Material shown.
☆ ☆ ☆ ☆
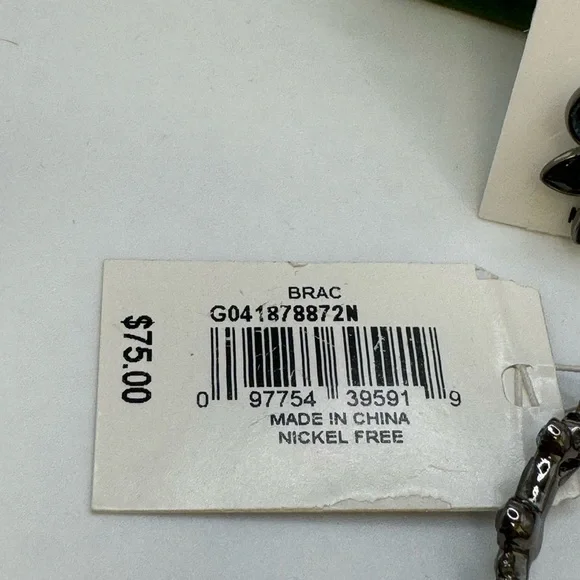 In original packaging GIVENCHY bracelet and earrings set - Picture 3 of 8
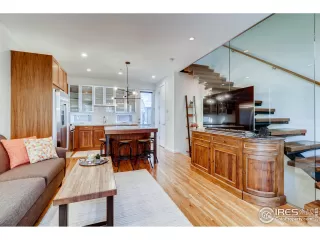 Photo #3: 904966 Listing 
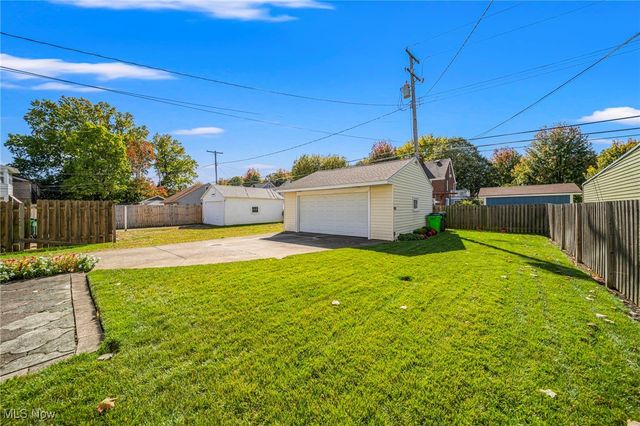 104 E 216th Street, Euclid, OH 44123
☆ ☆ ☆ ☆
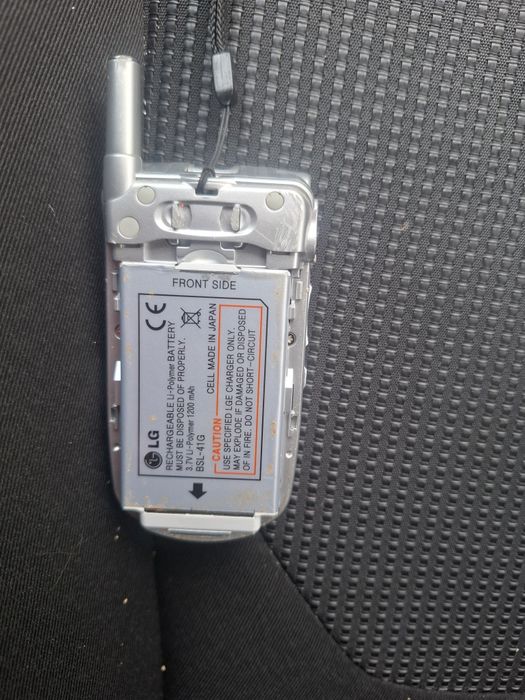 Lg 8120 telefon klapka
☆ ☆ ☆ ☆
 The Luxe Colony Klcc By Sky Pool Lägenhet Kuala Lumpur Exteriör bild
☆ ☆ ☆ ☆
Exercise prompt. Return only the stretch above from the line containing "In original packaging" through the line containing "104 E 216th Street, Euclid, OH 44123", word for word and without pictures.

Exercise output.
 In original packaging GIVENCHY bracelet and earrings set - Picture 3 of 8
 Photo #3: 904966 Listing 
 104 E 216th Street, Euclid, OH 44123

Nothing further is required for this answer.